So there you have it, a highly abridged version of the Patriots. What can you take away from it? Primarily you want to think about the idea of control via “manufactured consent” and memetic eugenics. I think we can all agree that a group of AIs controlling the world is pretty silly, along with any other sort of Infowars-style conspiracy nonsense. Still, think about the idea of controlling information to help shape the attitudes of people. It’s large scale social engineering, and it’s very, VERY real.

This next part all comes from one Curtis Yarvin, or as he’s more commonly known, Mencius Moldbug who ran a blog called “Unqualified Reservations”. This is just a synopsis from his “Gentle Introduction to Unqualified Reservations”(2) which can take an entire day to read. If you think I’m long-winded, Moldbug’s going to kill you with sheer verbosity.

Okay, so this time the story starts with the Middle Ages. The supreme authority back then is the pope. All education and government is run through the Catholic Church. The monarchs answered to the pope. If you got excommunicated, you could expect to get easily conquered by all the other kings, because you were then fair game. This goes on for some time until the Reformation, where kings start to tell the pope to sod off en masse and raise their own Protestant spaces.
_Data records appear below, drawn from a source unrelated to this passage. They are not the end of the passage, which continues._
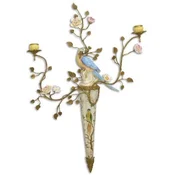 Casa Padrino Art Nouveau wall candle holder parrot multicolored/brass 55 x H. 79.2 cm - Porcelain wall candle holder - Baroque & Art Nouveau wall decoration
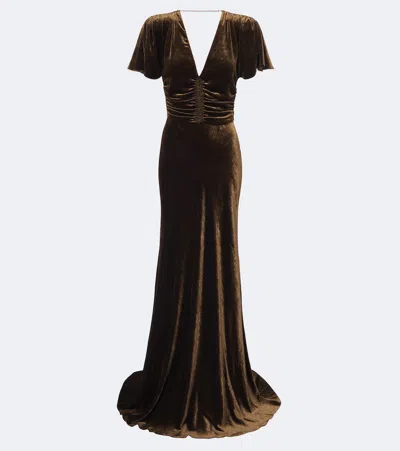 Ralph Lauren Charisse Changeant Velvet Evening Dress In Brown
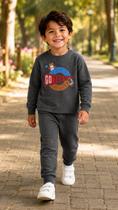 Conjunto menino Go team rei rex blusão e calça cinza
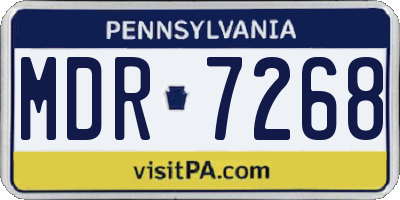 PA license plate MDR7268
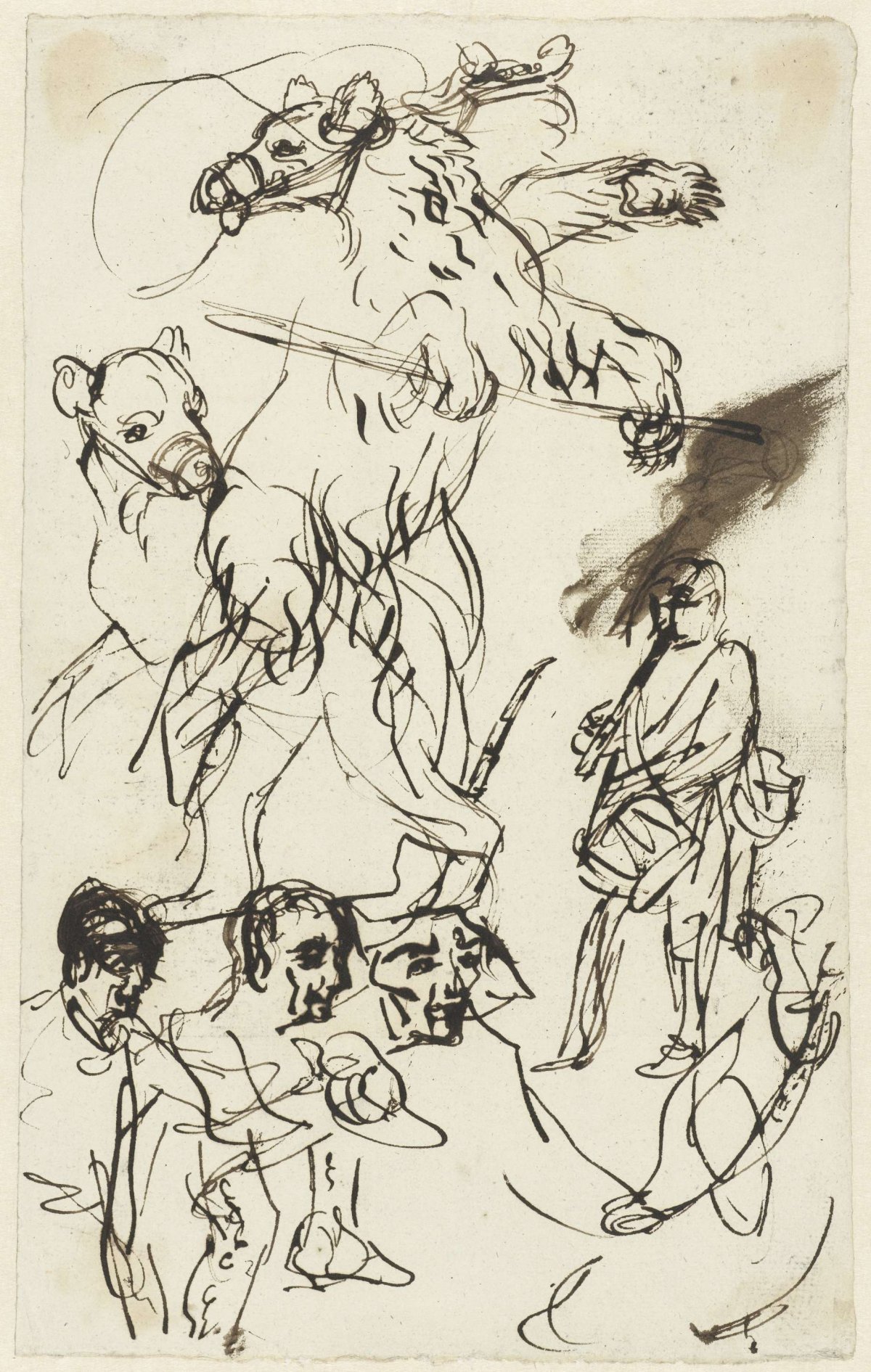 Study sheet with a dancing bear, a flute player and circus types, Simon Andreas Krausz, 1770 - 1825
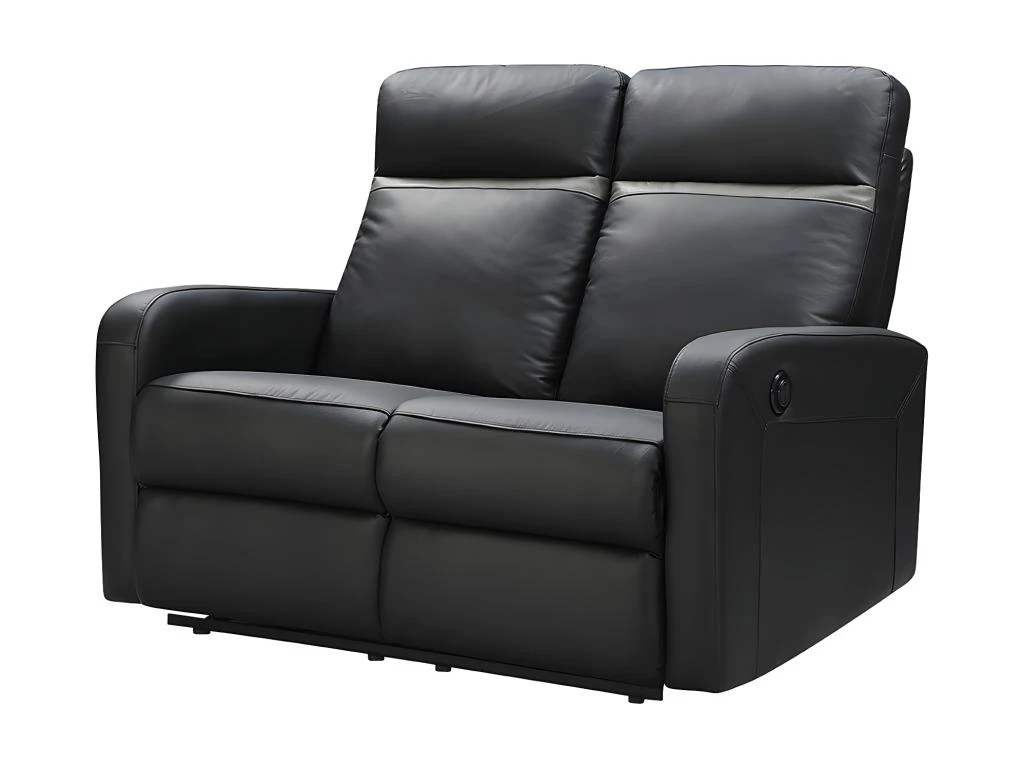 Canapé 2 Places Relax électrique En Cuir ABERDEEN - Noir Et Bande Anthracite 1 Canapé 2 Places Relax électrique En Cuir ABERDEEN - Noir Et Bande Anthracite
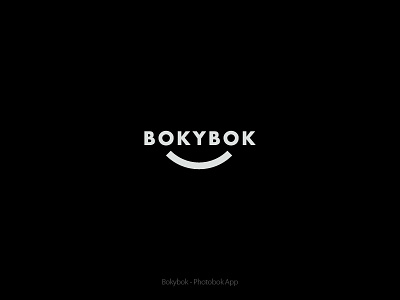 BOKYBOK B&W app black and white branding identity logotype photo photobooks photography process smile smiley startup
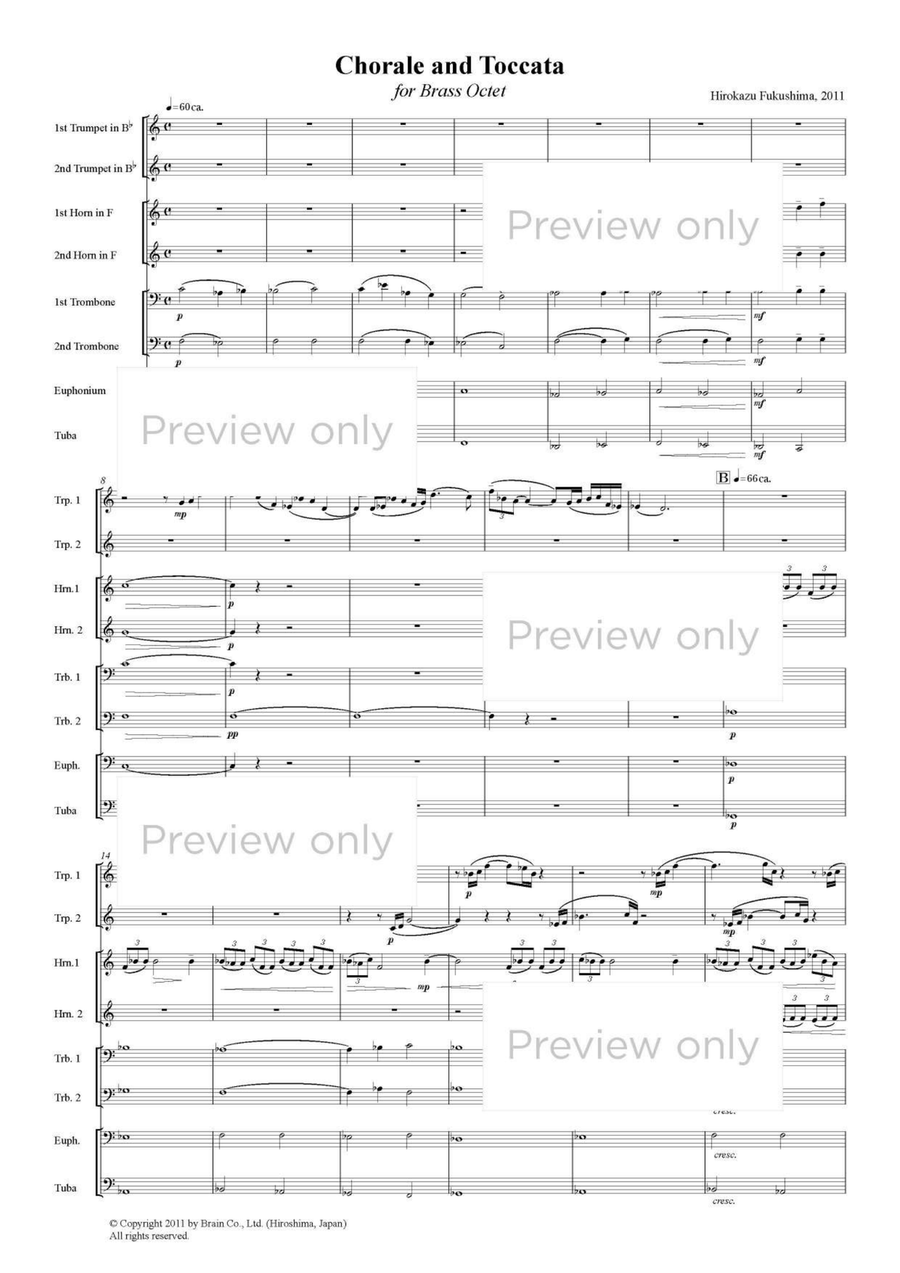 Chorale and Toccata - Brass Octet Euphonium scores gallery preview page 2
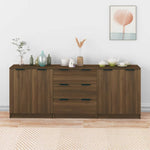 3 Piece Sideboards Brown Oak Engineered Wood 3115787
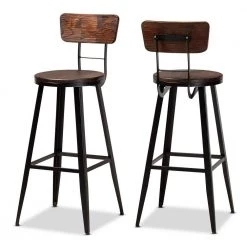 Kenna 30 in. Brown Bar Stools (Set of 2) by Baxton Studio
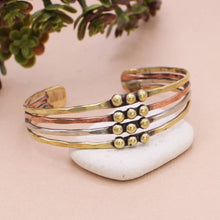 Load image into Gallery viewer, Mixed Metal Hammered Dotted Cuff Bracelet
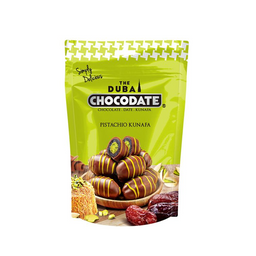 Dattes chocolatées Chocodate Pistache Kunafa avec une couche de dattes et pistaches, présentation appétissante et gourmande.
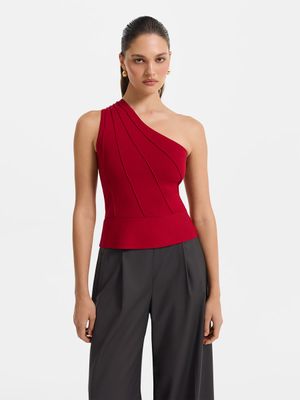 

Трикотажный топ на одно плечо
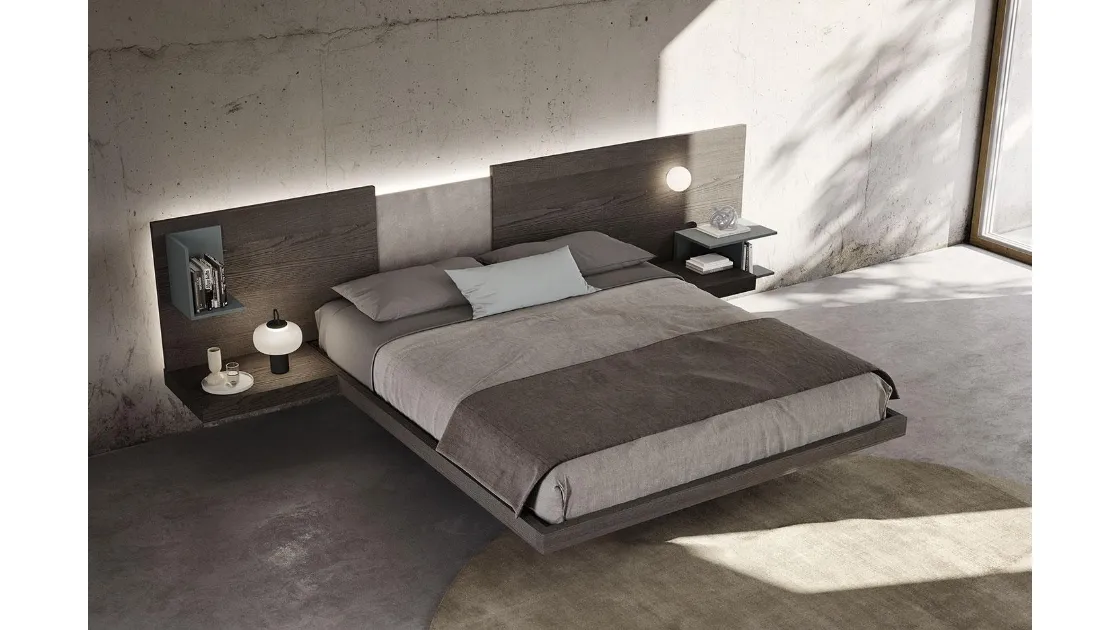 Letto in legno con testiera Wall System Dreaming 05 di Mobilgam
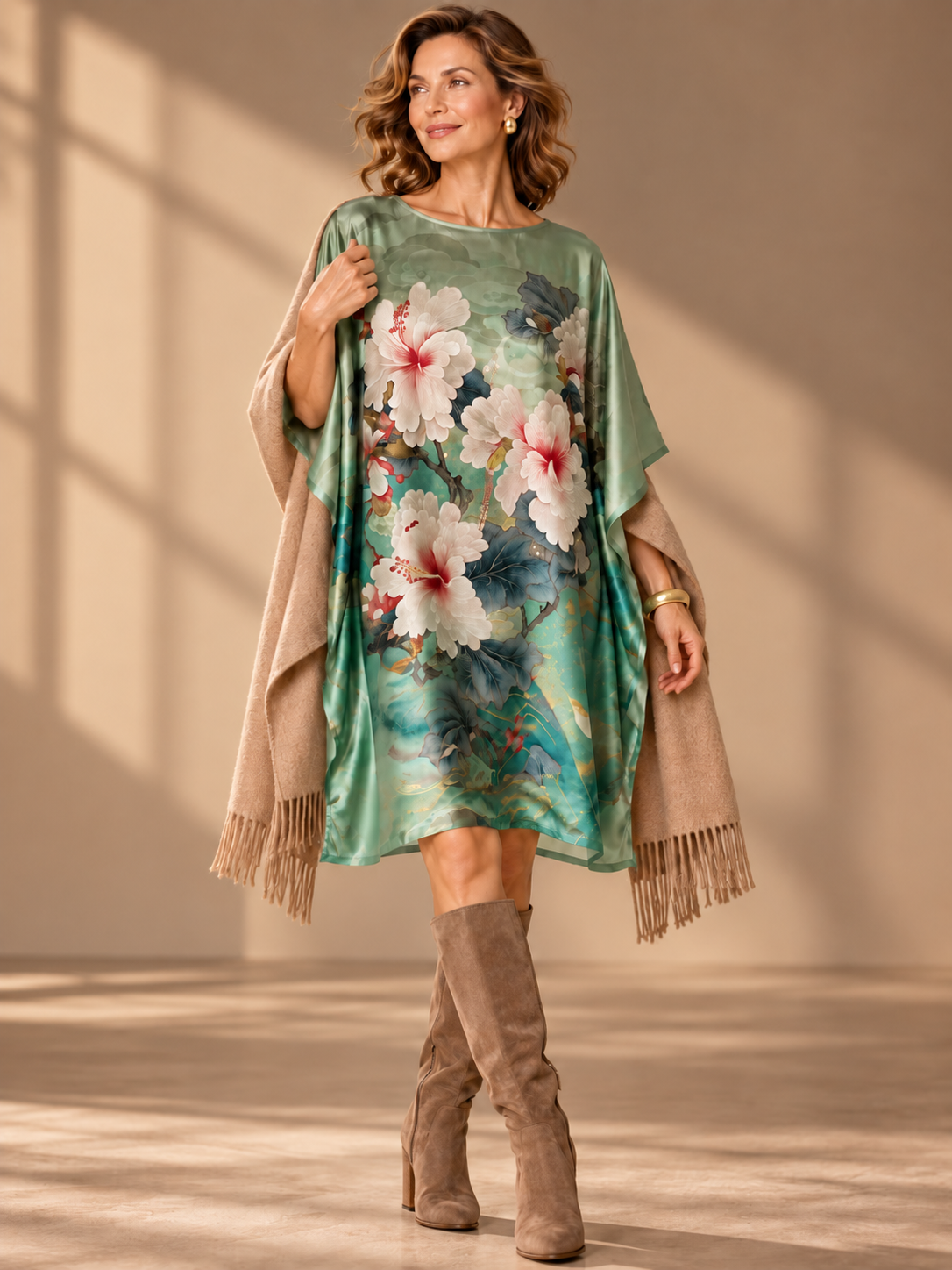 Woman wearing a green floral silk tunic with white blossoms and a beige fringed shawl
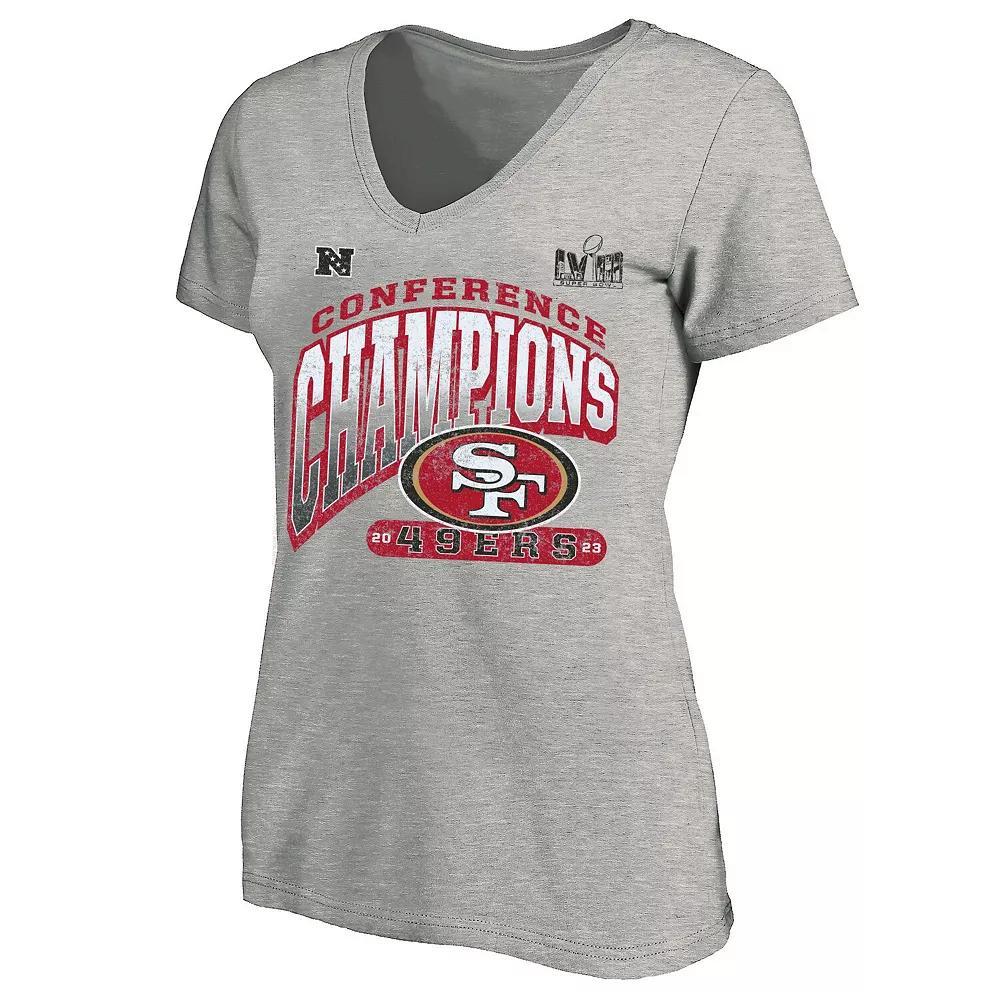 Women's Fanatics Branded  Heather Gray San Francisco 49ers 2023 NFC Champions Plus Size Hail Mary V-Neck T-Shirt, Size: 3XL, Grey Product Image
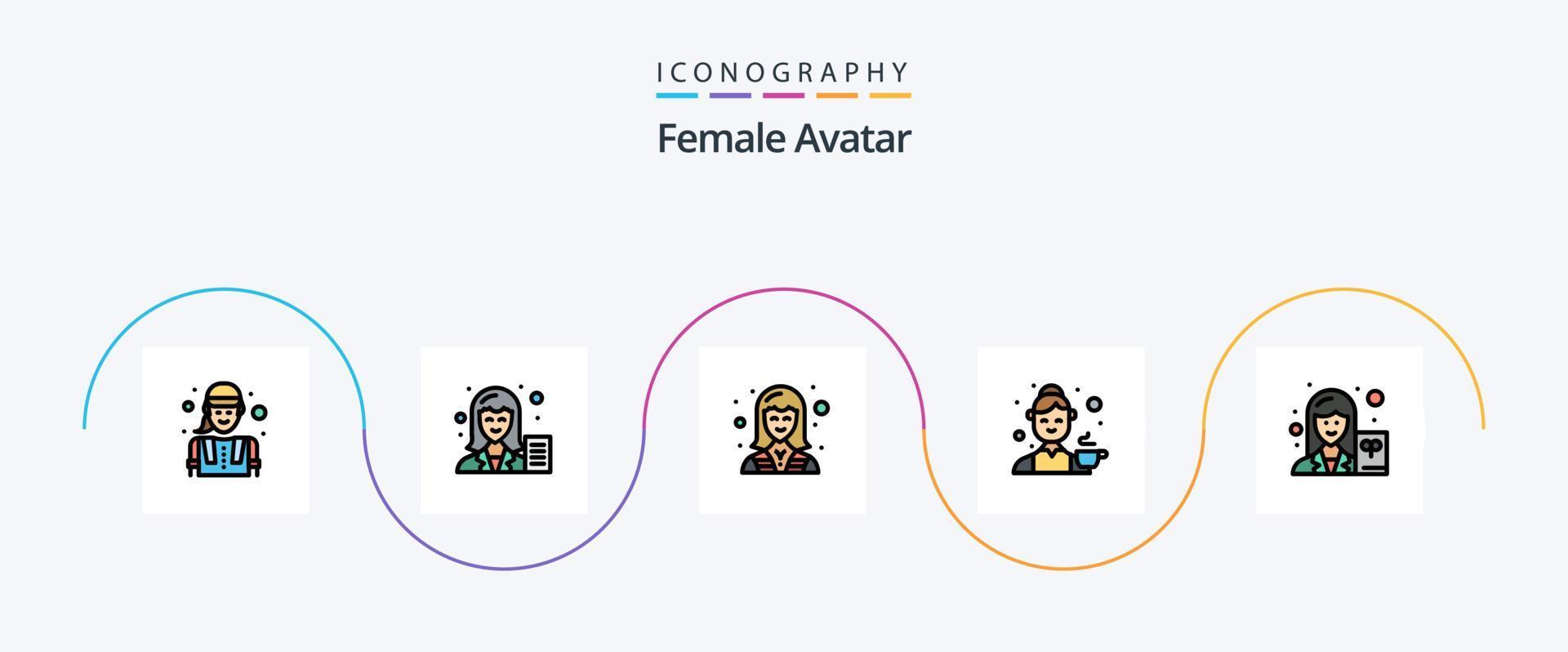 paquete de iconos de 5 planos llenos de línea de avatar femenino que incluye cocina. cocinero. escritor. avatar. técnico vector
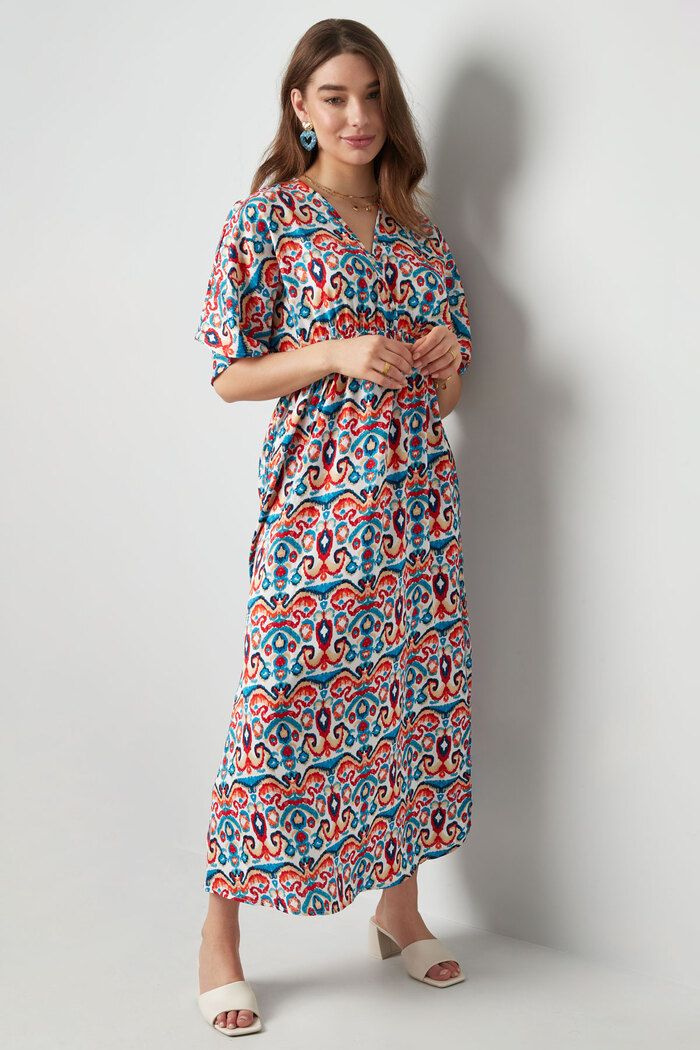 Long dress with print - orange  Picture6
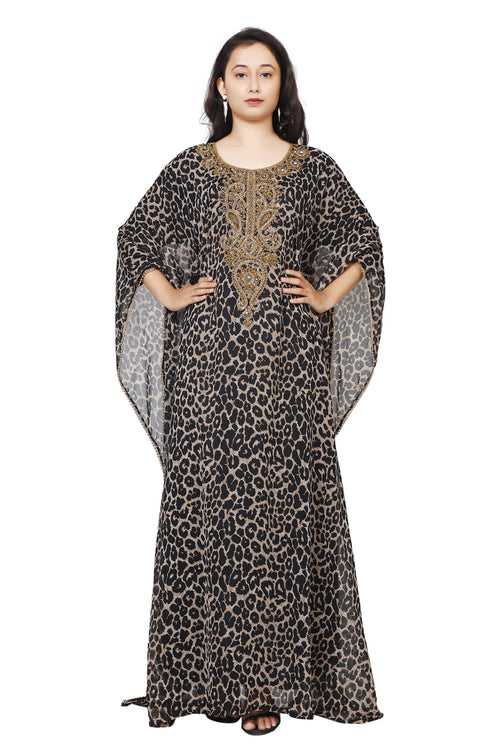 Leopard Print Kaftan Embroidery Handcrafted by Maxim Creation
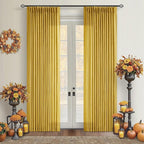 Mustard Yellow 80 Inch Pinch Pleated Linen Light Filtering Curtains 2 Panels - Image 7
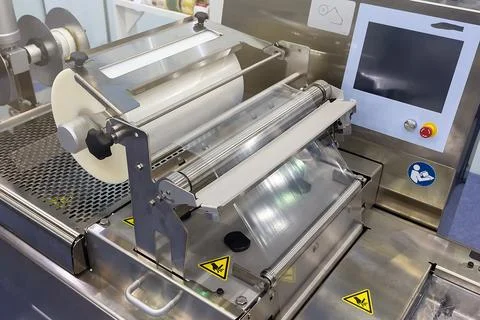 Roll of plastic packaging film on the automatic packing machine Stock Photos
Anyway, let’s zoom in on England, early 1500s, where Henry VIII tells the pope to get lost because he wants a new wife. So this establishes England as a religious battleground, where all sorts of Protestant sects are fighting for control. Now let’s fast forward to the 1600’s, where Puritanism, an offshoot of Calvinism, itself a form of Protestantism springs up. Now I’ll skip over the details, but Puritans and the English government didn’t mesh well after Oliver Cromwell died and the Great Restoration sprung up. Cromwell just happened to be a godawful leader who everyone hated and also happened to be a Puritan. A couple smart Puritans decided that they needed to get the hell out of dodge. They packed their bags and hopped aboard the Mayflower and set up the Plymouth colony.

So now let’s look at Plymouth Rock. Plymouth Rock was a very unique setup. A lot of people like to claim that the Puritans built a theocracy. Of course, that’s not true. Iran runs a theocracy, because the supreme governing authority is a religious one as well. With Plymouth, that was never the case. Unlike England, Plymouth set the colony up as a crude representative democracy. However, this was an obvious sham. The Puritans believed that a good democracy is an educated democracy. So if you wanted to have a say, you had to be educated. Of course, that the church ran the school system. So the first real American democracy was in fact a giant goddamn scam. The church told people how to think, so voting hardly made a difference in actual policy. That’s why we supposedly have separation of church and state in America, because if the church controls the schools, they control the vote. Imagine if every school was a catholic school, do you think abortion or gay marriage would be hot-button issues?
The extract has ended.